Ditelantarkan, Pasien Miskin Wafat

Kamis 28-02-2013,00:00 WIB

\"Tak semua kasus meninggal dilaporkan. Jika tak spesifik tak dilaporkan. Kalau ada masalah spesifik yang menyebabkan meninggalnya pasien, baru dilaporkan. Kalau pasien meninggal sementara perawat sudah melakukan tindakan sesuai standar, ya mau diapakan lagi. Kan tak mungkin pasien tak boleh meninggal,\" ujarnya.

Secara lebih terperinci, dirinya mengaku belum bisa memberikan komentar. Sebab, dia menyebut, bahwa dirinya belum mendengar laporan mengenai kasus meninggalnya pasien ini.

\"Saya belum tahu persoalannya. Saya tak bisa katanya-katanya. Ini harus pasti persoalannya. Sebab, penilaian sisi pasien kan beda dengan dokter. Seperti kasus sebelumnya, kata pasien dibiarkan, kata dokter kan distabilkan. Nah itu kan berbeda. Saya belum dilaporkan, banyak meninggal tak semua dilaporkan.

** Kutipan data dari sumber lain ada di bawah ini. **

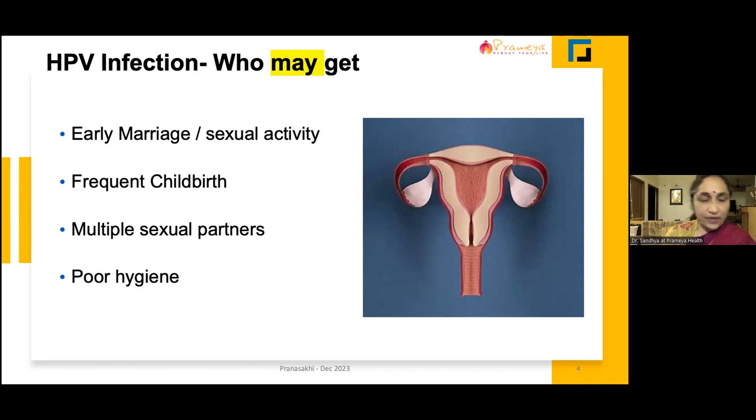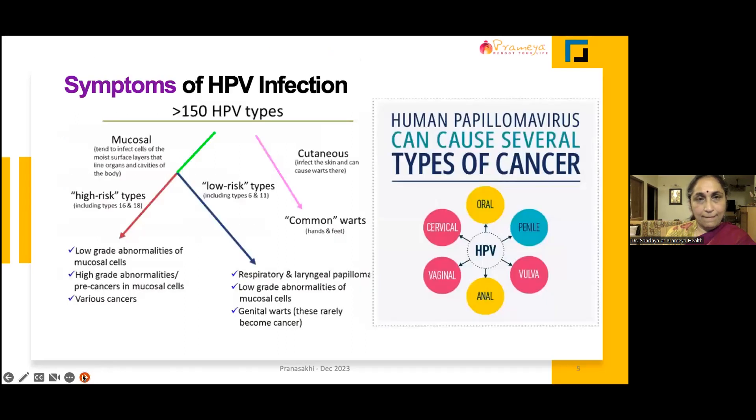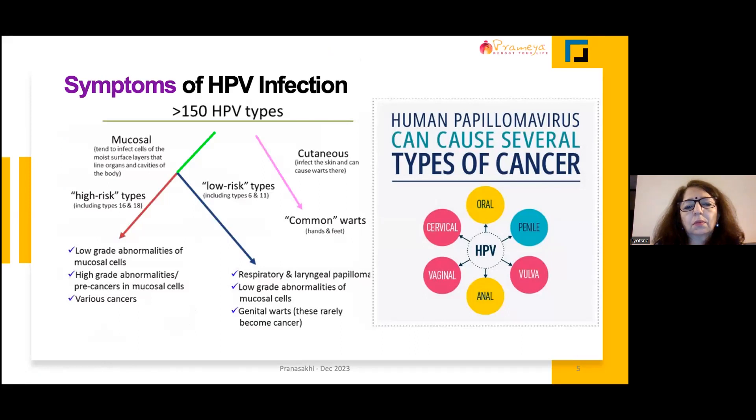What are the symptoms of HPV, Dr. Johnston? We can't hear you — I think you're muted. Yes, sorry. Yes, the most important catch point is this infection is asymptomatic.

Kalau sudah sesuai prosedur tapi meninggal itu tak dilaporkan,\" ujarnya.

Ditanya soal pengakuan orang tua balita berumur 3 tahun yang menyebut balita itu tak mendapatkan obat sehingga menyebabkan kematian, Djarizal membantah. \"Sepanjang soal obat saya rasa tak ada masalah. Walau dia pasien Jamkesda tetap dilayani,\" ujarnya.

Balita penderita meningstis (infeksi selaput otak, red) memang ketika dirujuk ke RSUD RM belum melengkapi administrasi yang menunjukkan dia sebagai pasien jamkesda.

\"Dia sudah 8 hari dirawat. Saya rasa tak mungkin begitu (tak diberi obat, red). Biasanya pasien jamkesda diberikan kesempatan kepada keluarga 3 x 24 jam untuk melengkapi administrasi,\" ungkapnya.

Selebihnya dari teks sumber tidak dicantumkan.